Malgré ces chiffres, il faut rester prudent quant à l'établissement d'un lien de cause à effet. L'étude est observationnelle et ne disposait pas de données sur les heures de vol individuelles, les itinéraires ou les doses cumulées. D'autres facteurs, comme les vols de nuit ou les perturbations de l'horloge biologique, pourraient jouer un rôle.

Qu'est-ce que cela signifie pour les passagers ?

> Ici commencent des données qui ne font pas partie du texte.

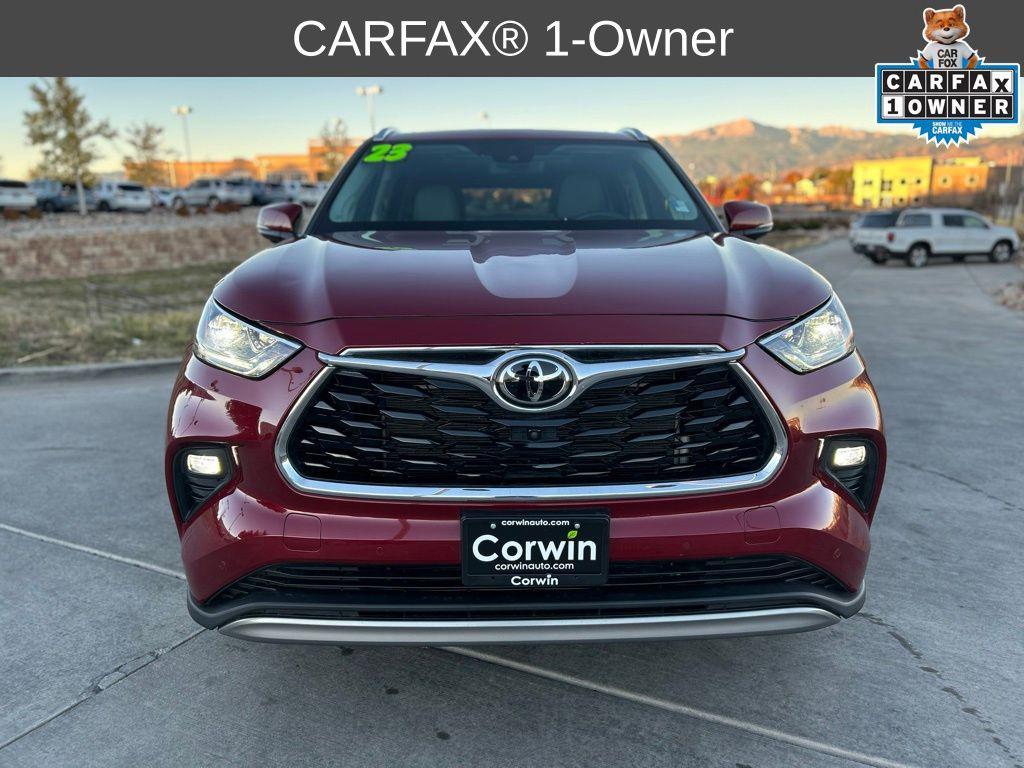 used 2023 Toyota Highlander car, priced at $43,500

Ces résultats ne sont pas une raison de craindre un vol occasionnel pour les vacances. L'étude porte sur le risque professionnel pour ceux qui passent une partie importante de leur vie dans les airs. Toutefois, pour les pilotes et le personnel de cabine, les chercheurs estiment que les résultats justifient une approche plus sérieuse de l'exposition cumulée. Aux États-Unis, bien que les autorités reconnaissent l'exposition des équipages, il n'existe actuellement aucune limite fédérale ni exigence de surveillance personnelle de routine pour les membres d'équipage.

La nouvelle étude ne prouve pas formellement que le vol professionnel provoque le cancer, mais le fait que les deux premières places appartiennent à des personnes travaillant dans le ciel est une découverte difficile à ignorer.